UK mortgage enquiries from expats soar
A mortgage company which specialises in offering UK mortgages for expats has revealed that UK buy to let mortgages from foreign nationals has significantly increased.
According to Skipton International’s latest 2020 figures, they received a 51% upsurge in mortgage enquiries from expats compared to figures from 2018.
In particular, there has been a significant increase in mortgage enquiries from the United Arab Emirates, which saw a 50% rise in comparison to 2018. Further buy to let enquiries have also come from Singapore, Hong Kong, USA and Switzerland.
Growth in UK rental market
Brexit uncertainty appears not to have affected the demand for buy to let mortgages amongst expats. The reason for the upsurge in international enquiries can mainly be attributed to the recovery within the UK rental market.
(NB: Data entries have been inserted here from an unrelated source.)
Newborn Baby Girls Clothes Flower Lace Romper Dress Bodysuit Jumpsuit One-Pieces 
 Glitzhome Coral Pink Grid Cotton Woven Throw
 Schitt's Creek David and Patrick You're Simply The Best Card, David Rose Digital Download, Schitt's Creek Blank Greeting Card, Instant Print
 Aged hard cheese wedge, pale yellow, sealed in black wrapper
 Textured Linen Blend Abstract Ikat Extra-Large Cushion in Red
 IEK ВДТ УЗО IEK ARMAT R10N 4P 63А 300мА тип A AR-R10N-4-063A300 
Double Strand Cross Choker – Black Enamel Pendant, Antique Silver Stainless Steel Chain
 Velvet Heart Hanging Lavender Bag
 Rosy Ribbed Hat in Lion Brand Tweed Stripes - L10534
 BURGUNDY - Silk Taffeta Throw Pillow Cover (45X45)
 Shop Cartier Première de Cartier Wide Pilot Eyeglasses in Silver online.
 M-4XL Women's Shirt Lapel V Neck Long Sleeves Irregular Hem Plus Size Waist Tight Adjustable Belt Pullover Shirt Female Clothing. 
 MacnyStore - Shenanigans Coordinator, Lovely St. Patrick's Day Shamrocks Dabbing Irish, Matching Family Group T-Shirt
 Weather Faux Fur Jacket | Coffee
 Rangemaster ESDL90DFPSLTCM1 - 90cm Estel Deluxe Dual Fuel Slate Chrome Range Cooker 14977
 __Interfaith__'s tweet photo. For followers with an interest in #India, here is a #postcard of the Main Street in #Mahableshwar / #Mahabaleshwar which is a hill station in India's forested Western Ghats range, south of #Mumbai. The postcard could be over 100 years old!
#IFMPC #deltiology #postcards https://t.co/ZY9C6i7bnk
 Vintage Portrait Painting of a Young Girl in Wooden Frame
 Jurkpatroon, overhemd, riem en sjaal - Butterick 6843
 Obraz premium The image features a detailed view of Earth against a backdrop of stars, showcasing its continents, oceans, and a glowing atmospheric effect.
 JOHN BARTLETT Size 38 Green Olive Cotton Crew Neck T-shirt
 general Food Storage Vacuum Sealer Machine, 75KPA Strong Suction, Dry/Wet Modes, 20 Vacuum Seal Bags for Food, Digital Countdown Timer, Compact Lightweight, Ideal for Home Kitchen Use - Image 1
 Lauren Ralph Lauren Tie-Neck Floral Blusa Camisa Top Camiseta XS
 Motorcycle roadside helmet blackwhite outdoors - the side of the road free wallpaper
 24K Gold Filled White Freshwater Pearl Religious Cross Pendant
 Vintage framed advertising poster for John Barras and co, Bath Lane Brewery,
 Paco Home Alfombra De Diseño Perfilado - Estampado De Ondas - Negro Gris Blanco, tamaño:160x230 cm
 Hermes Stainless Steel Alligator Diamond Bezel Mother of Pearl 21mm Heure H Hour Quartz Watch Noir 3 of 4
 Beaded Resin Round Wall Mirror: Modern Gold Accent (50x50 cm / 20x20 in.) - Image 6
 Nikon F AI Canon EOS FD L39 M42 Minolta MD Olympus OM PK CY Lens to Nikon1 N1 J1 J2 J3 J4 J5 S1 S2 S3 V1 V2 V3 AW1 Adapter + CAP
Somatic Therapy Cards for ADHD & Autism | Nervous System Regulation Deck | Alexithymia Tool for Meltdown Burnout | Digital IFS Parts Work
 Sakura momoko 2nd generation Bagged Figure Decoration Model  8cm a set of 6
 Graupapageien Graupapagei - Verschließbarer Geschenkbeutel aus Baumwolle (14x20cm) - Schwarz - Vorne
Skipton International reported that annual rental growth increased by 2% towards the end of October 2019. This is the most rapid rate of growth witnessed within the last three years.
A report from ARLA Propertymark has outlined the growth in tenant demand this year. In July, letting agents saw 97 newly registered tenants on average, compared to 79 in June. Landlords also saw an average void period of just 3 weeks during July, compared to 4 weeks the previous month.
Tenants are also reportedly remaining within their rental homes for longer, which leaves a consistent rental income for owners. The report showed that the average tenancy period in July was 21 months, the highest average on record. With such a high demand for rental properties, now could be the ideal time for expats to invest within the UK property market.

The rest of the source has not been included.